I would like to know if there's something that characterizes these examples up to isomorphism in $\mathrm{Set}(G)$ and whether perhaps there is some (maybe partial) classification or characterization of $G$-sets using these examples. For example, something like this would be good: every $G$-set is isomorphic to a left coset space of some subgroup of $G$. This is clearly false, but this is the kind of thing I have in mind. I'm not sure I can explain myself better.
I would love to learn some category theory from the answers, but please keep in mind that my understanding of it is very limited so I will probably need more explanation than others might.
 A: This is usally answered in the context of Grothendieck's Galois Theory (where $G$ is a profinite group, for example the etale fundamental group of a scheme, and we only consider finite continuous $G$-sets). See Lenstra's notes on Galois theory for this. I only mention this as a background, the rest of this answer explains some of these ideas and hopefully answers your question.
In $\mathsf{Set}(G)$ coproducts are just disjoint unions endowed with the obvious $G$-action, and the initial object is the empty set endowed with the unique $G$-action.
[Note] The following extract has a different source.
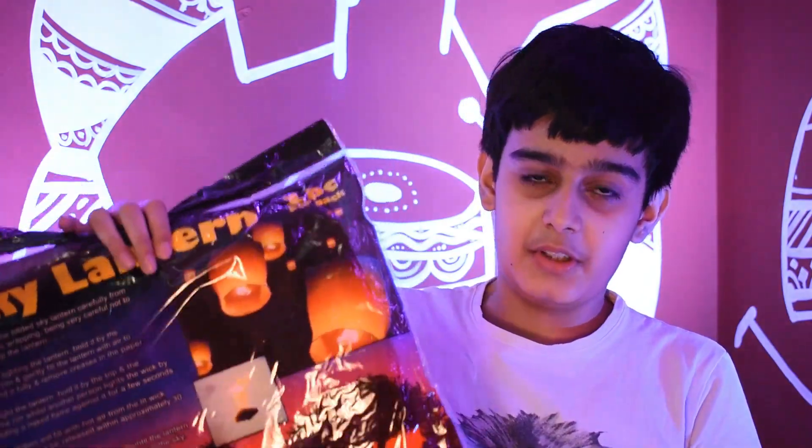Hey guys, welcome to the Sharma Education 2.0 YouTube channel. Today we're going to be flying this sky lantern, which is the third video in our activity series — you can check that out right here. When you open the package, you're going to get the sky lantern itself and the camphor.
More generally, the forgetful functor $U : \mathsf{Set}(G) \to \mathsf{Set}$ creates all colimits.  (By the way, $U$ is represented by $G$, so that in particular $\mathrm{End}(U) \cong \mathrm{End}(G) = G$ and we can reconstruct the group $G$ from $U$ - this is the discrete Tannakian reconstruction.)

An object of a category with coproducts is called connected if it is not initial and cannot be written as a coproduct of two non-initial objects.

One can easily check that the connected objects of $\mathsf{Set}(G)$ are precisely the transitive $G$-sets. Besides, every object is a unique(!) coproduct of connected objects: This is the usual decomposition of an action into its orbits. The connected objects can be classified (up to non-canonical isomorphism), they are precisely the coset sets $G/U$, where $U$ is a subgroup of $G$. Here, $G/U$ and $G/V$ are isomorphic iff $U$ and $V$ are conjugated to each other. How to characterize the case that $U$ is normal?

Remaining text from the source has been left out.